(Records contained in a dataset)

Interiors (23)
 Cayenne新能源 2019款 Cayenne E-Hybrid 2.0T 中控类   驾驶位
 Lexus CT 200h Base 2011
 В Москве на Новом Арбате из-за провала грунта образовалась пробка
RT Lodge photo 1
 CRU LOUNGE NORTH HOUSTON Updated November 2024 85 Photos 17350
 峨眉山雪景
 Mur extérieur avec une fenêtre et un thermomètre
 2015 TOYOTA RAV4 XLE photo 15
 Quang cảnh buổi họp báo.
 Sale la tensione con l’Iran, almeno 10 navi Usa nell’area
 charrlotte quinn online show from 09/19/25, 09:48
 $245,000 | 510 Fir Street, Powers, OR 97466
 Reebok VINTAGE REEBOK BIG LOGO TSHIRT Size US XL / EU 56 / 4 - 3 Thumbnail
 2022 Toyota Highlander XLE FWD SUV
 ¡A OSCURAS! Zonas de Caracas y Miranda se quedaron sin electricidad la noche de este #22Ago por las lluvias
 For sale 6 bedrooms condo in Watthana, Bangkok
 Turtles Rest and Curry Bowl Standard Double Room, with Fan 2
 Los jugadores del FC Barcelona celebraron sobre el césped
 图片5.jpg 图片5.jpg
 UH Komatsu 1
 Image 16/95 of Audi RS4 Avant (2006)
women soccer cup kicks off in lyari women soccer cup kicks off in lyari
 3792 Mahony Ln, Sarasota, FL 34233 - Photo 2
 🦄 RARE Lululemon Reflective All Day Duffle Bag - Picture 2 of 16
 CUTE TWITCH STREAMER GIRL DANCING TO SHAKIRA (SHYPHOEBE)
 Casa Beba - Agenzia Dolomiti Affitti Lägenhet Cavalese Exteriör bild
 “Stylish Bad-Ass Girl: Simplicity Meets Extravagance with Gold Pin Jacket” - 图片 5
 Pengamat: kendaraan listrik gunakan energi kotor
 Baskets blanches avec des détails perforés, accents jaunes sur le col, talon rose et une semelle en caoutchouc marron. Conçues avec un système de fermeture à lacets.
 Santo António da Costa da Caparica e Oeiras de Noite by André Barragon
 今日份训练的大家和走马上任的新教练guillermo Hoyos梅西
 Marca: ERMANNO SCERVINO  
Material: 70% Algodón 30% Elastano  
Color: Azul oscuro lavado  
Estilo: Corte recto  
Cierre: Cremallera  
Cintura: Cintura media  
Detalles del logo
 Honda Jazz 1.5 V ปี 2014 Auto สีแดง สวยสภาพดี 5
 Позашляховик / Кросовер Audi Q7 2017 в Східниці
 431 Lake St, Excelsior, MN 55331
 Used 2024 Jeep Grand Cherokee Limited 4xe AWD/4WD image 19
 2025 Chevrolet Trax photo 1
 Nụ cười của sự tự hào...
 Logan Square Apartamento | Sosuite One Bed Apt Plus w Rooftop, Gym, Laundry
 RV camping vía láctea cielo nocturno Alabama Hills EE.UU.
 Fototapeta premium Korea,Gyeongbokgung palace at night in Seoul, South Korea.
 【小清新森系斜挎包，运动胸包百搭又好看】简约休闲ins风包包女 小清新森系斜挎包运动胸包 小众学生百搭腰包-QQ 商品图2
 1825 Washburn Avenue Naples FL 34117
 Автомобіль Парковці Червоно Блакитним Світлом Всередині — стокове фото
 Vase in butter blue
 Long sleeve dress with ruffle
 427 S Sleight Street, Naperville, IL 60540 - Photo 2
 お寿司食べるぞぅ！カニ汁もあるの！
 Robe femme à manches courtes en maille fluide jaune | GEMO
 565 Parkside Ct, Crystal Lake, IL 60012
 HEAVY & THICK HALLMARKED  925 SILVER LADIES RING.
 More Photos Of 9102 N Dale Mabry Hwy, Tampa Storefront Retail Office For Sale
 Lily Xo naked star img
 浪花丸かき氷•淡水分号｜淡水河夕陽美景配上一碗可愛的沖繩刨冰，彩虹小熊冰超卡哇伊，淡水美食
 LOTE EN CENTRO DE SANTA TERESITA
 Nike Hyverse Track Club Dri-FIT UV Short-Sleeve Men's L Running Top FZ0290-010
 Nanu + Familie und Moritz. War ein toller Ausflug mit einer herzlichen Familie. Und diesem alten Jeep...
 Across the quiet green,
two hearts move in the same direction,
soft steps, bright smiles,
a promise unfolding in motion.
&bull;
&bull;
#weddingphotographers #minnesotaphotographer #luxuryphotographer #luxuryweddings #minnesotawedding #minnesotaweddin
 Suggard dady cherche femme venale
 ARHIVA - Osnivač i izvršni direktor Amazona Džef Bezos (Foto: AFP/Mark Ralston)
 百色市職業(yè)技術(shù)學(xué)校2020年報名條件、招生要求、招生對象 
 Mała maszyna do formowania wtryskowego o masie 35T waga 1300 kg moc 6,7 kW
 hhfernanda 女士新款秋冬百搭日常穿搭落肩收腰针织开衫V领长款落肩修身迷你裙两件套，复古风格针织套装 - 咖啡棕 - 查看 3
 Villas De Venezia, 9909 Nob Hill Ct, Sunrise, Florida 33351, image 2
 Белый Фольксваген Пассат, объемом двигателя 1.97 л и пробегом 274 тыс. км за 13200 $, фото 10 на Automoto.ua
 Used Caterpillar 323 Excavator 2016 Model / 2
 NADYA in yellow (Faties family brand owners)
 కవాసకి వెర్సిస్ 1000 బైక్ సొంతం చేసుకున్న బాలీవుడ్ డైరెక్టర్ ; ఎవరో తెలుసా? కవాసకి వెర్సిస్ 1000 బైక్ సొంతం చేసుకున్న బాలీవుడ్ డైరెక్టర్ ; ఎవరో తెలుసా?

§ **Your goal**
Repeat the data word for word, starting at its first line and stopping after the line that contains "UH Komatsu 1".

§ **Answer**
Interiors (23)
 Cayenne新能源 2019款 Cayenne E-Hybrid 2.0T 中控类   驾驶位
 Lexus CT 200h Base 2011
 В Москве на Новом Арбате из-за провала грунта образовалась пробка
RT Lodge photo 1
 CRU LOUNGE NORTH HOUSTON Updated November 2024 85 Photos 17350
 峨眉山雪景
 Mur extérieur avec une fenêtre et un thermomètre
 2015 TOYOTA RAV4 XLE photo 15
 Quang cảnh buổi họp báo.
 Sale la tensione con l’Iran, almeno 10 navi Usa nell’area
 charrlotte quinn online show from 09/19/25, 09:48
 $245,000 | 510 Fir Street, Powers, OR 97466
 Reebok VINTAGE REEBOK BIG LOGO TSHIRT Size US XL / EU 56 / 4 - 3 Thumbnail
 2022 Toyota Highlander XLE FWD SUV
 ¡A OSCURAS! Zonas de Caracas y Miranda se quedaron sin electricidad la noche de este #22Ago por las lluvias
 For sale 6 bedrooms condo in Watthana, Bangkok
 Turtles Rest and Curry Bowl Standard Double Room, with Fan 2
 Los jugadores del FC Barcelona celebraron sobre el césped
 图片5.jpg 图片5.jpg
 UH Komatsu 1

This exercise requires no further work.